Friday, March 4, 2016

Wheel Life

A lot of people have told me that the roads out here are tough on tires.  One of the people at the garage we go to lives farther out from us, and he said he's tried about every kind of tire.  We kind of knew this because on our first trip out to view the Vintage House, we had a flat the next day.

We've had flats in "town" (Billings) but mostly we were able to pump the tire up and quickly get it in and fixed.  The tire place was just a block away.  However, living 25 miles out now is a different story.

On my to the recycling center last week, I hit the first cattle guard and then heard a metal on metal sound while I felt the truck "pull" a little.  I immediately stopped and checked the tires, the axles and the wheel wells.  Nothing.  I shrugged and kept on going.

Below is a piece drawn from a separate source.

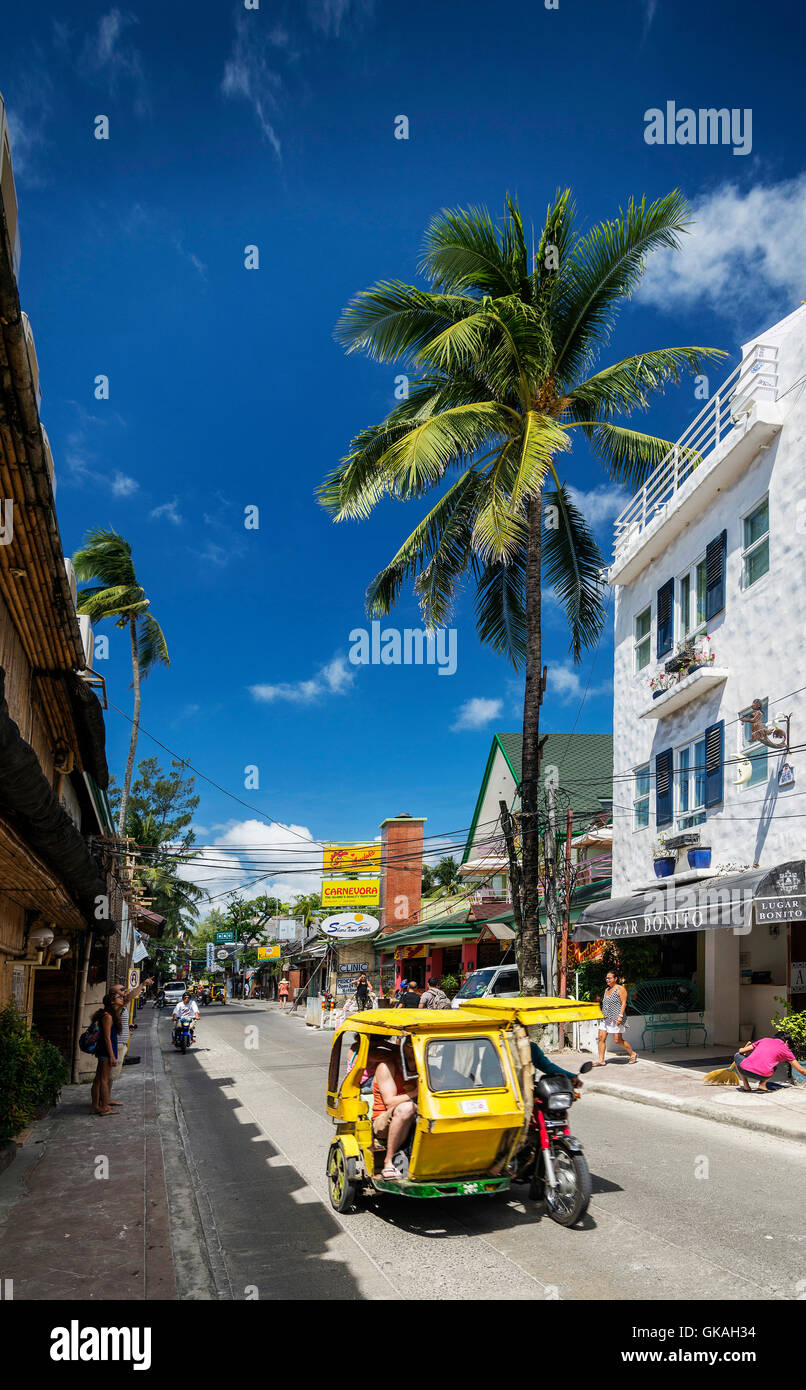 Straßen- und bunten lokalen Tuk Tuk-Moto-Taxi auf exotischen tropischen Boracay island Philippinen Stockfoto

I dropped off my garbage then started for home when I saw I had a flat tire.  It was completely flat.  And of course, no cell phone signal though I could text and had data.  Go figure.  A guy pulled up behind me and offered to help.  He works for the county and said this happens to him all the time.

"You need to unlock this to lower the spare tire," he said.  I stuck my key in and pulled out a plug covering an access hole.  "Behind your seat there should be rods to put in there to lower your spare tire."  I rummaged around and there was a package of tire rods.  I would have never figured this out by myself.  In no time flat, he had my spare on.  His tools were ready to go - a nice sized lift, battery operated lug nut loosener thing and the muscle to go with it.

"Next time," he said, "you can do it yourself now.  Just put the jack there," he pointed out the underside of the axle, "and make sure it's steady.  I usually carry around a block of wood to put on the ground."

I nodded and tried to look capable. With many thanks and a friendly wave, I was off on an unplanned trip to town to get my tire fixed.  Which is usually an hour wait time.  However, we had a problem.  It wasn't the tire.  The wheel was broken.  Something had gotten inside and scraped it up.  That was probably that metal on metal sound I heard.

One week later because they had to order the wheel and a couple hundred dollars poorer, the truck is rumbling down the gravel roads again.  The tire guys said this is rare, so I'm hoping they're right.  Because the gavel roads, they're just more fun to drive on.